Captioned web image data
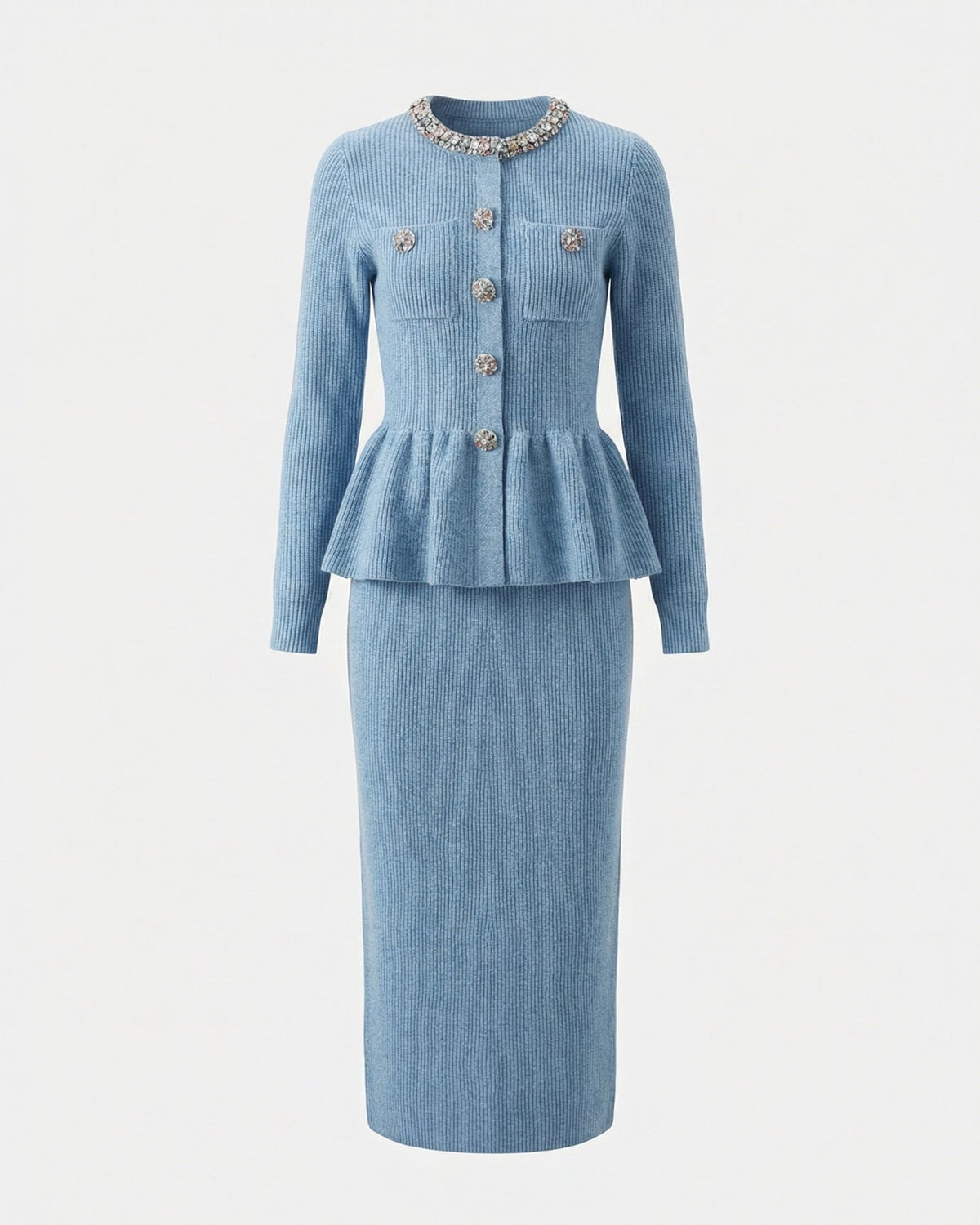 Roma Rhinestone Embellished Knitted Jacket and Skirt Set – Blue – view 1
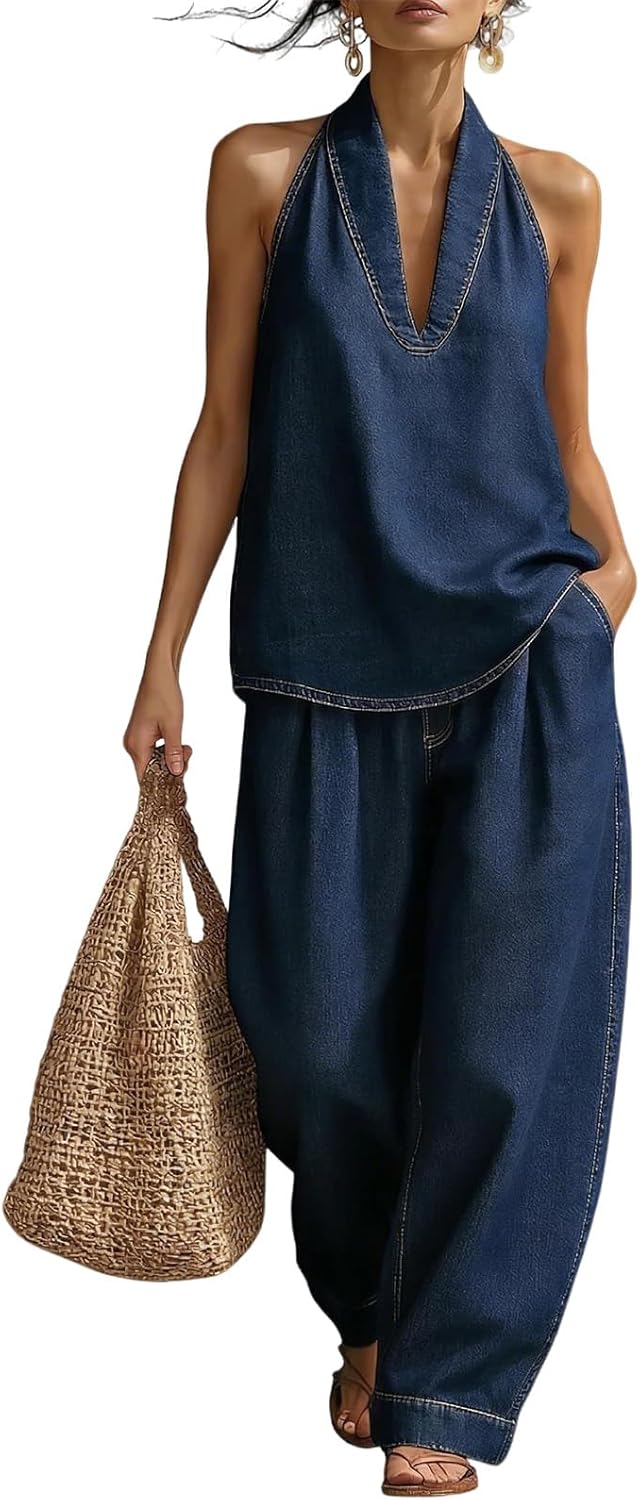 Women's Denim Outfit - Minimalist Halter Neck Top & High-Waisted Wide Leg Pants | Casual Travel Set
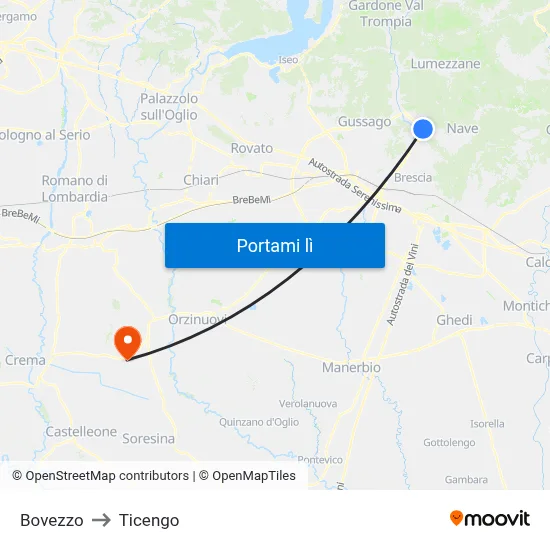 Bovezzo to Ticengo map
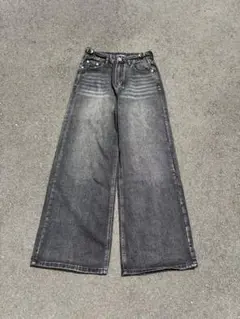 Asapmode Creased Washed Wide Denim Pants
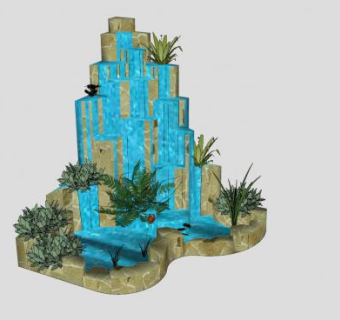 假山景观流水SU模型下载_sketchup草图大师SKP模型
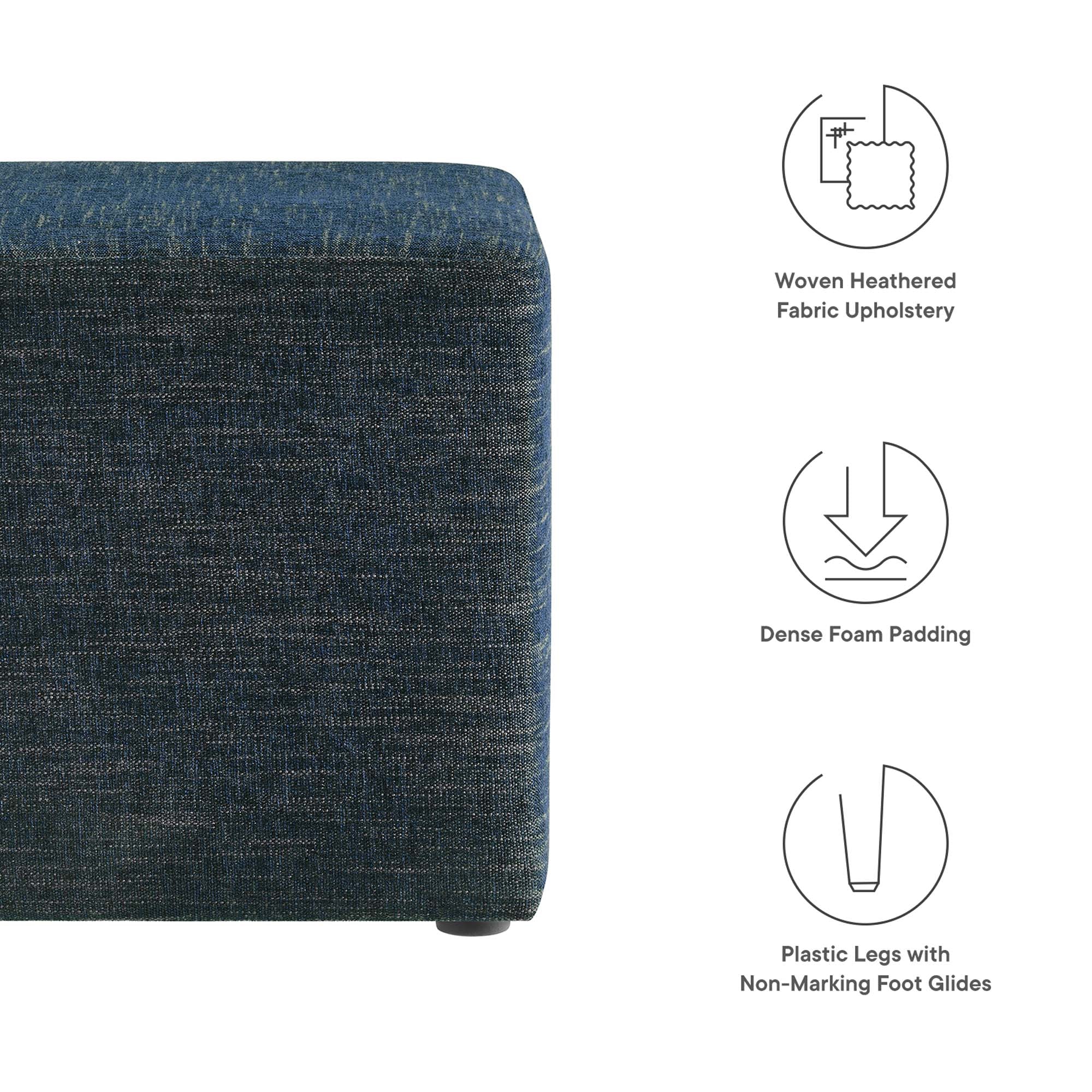 Callum Square Woven Heathered Fabric Upholstered Ottoman - Image 4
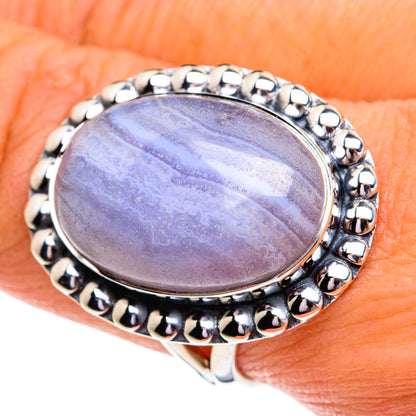 Blue Lace Agate Rings handcrafted by Ana Silver Co - RING79101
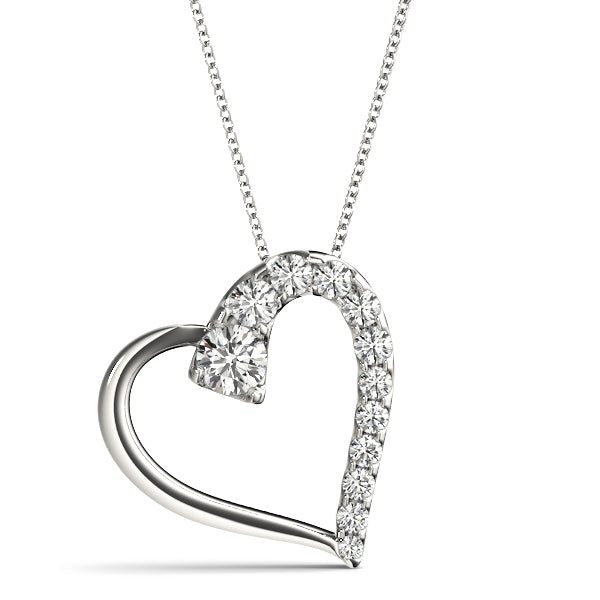Lab Diamond Heart Pendant in 14K White Gold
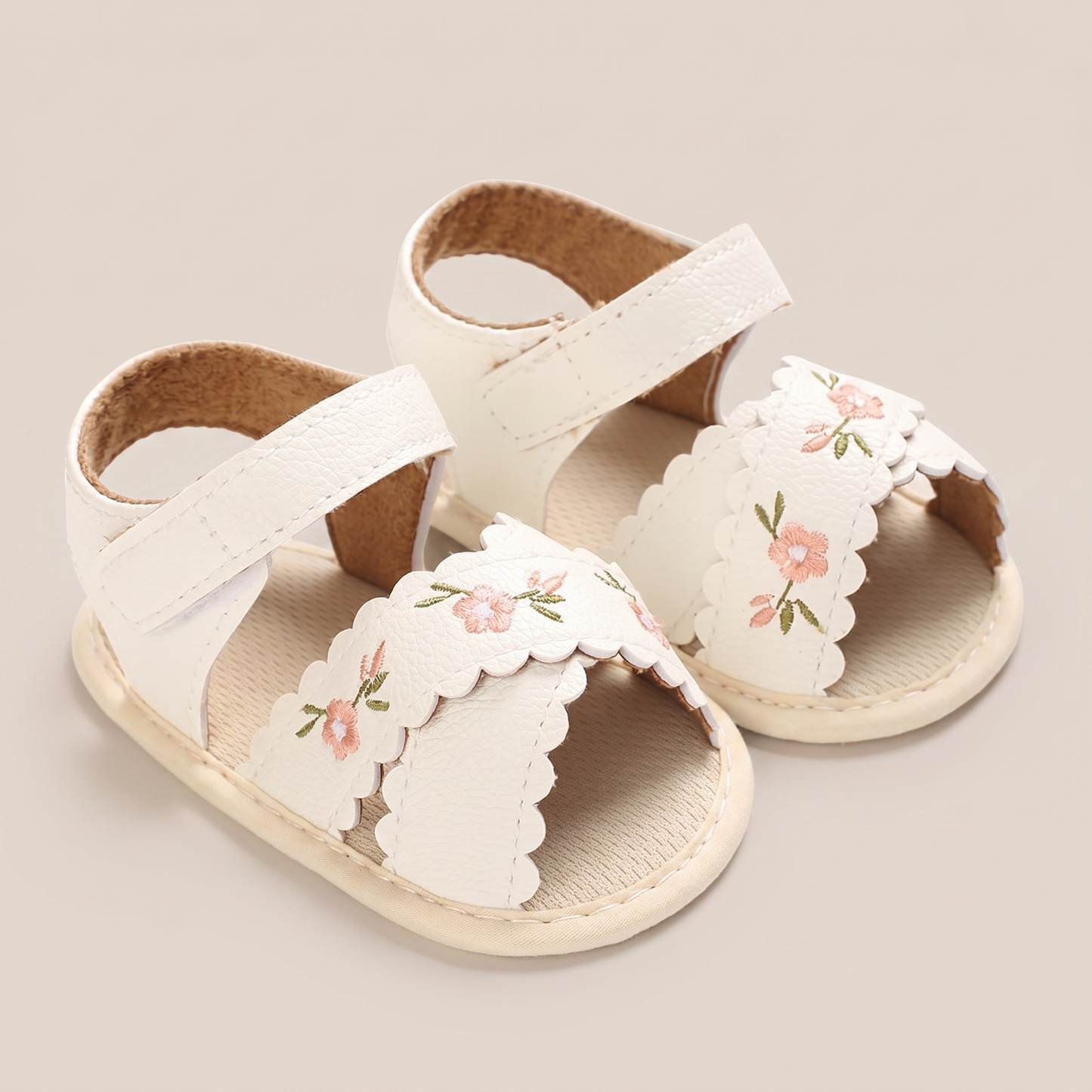 Scallop Edge Floral Sandals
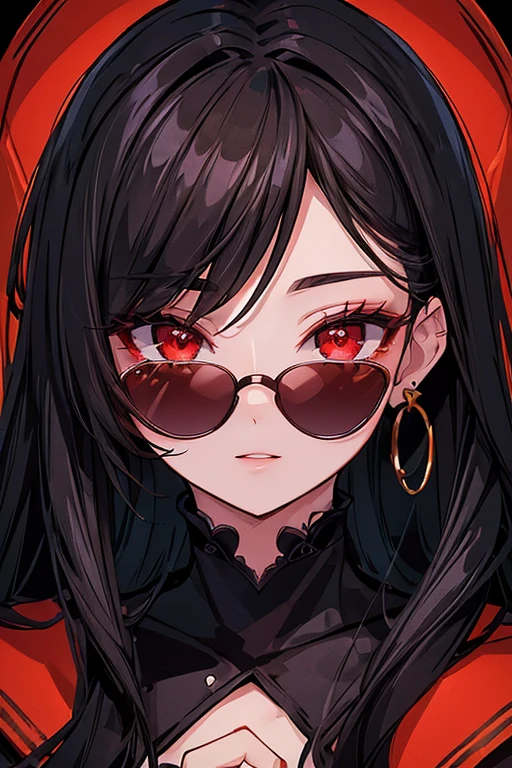 (Portraits:1.4), (masterpiece:1.2, best quality:1.2),a woman with glasses and a red eye is looking at the camera, high quality artstyle, style portrait, style character face focus, extremely detailed face, extremely detailed eyes, good-looking, make up, finger on lips, sunglasses, fashion wear, earrings,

WHAT TO DO
Go through the data above and print exactly the lines from its first line through the line holding "假山景观流水SU模型下载_sketchup草图大师SKP模型", both included, leaving pictures aside.

REPLY TO THE EXERCISE
 Roma Rhinestone Embellished Knitted Jacket and Skirt Set – Blue – view 1
 Women's Denim Outfit - Minimalist Halter Neck Top & High-Waisted Wide Leg Pants | Casual Travel Set
 Bovezzo to Ticengo map
 Asapmode Creased Washed Wide Denim Pants
 假山景观流水SU模型下载_sketchup草图大师SKP模型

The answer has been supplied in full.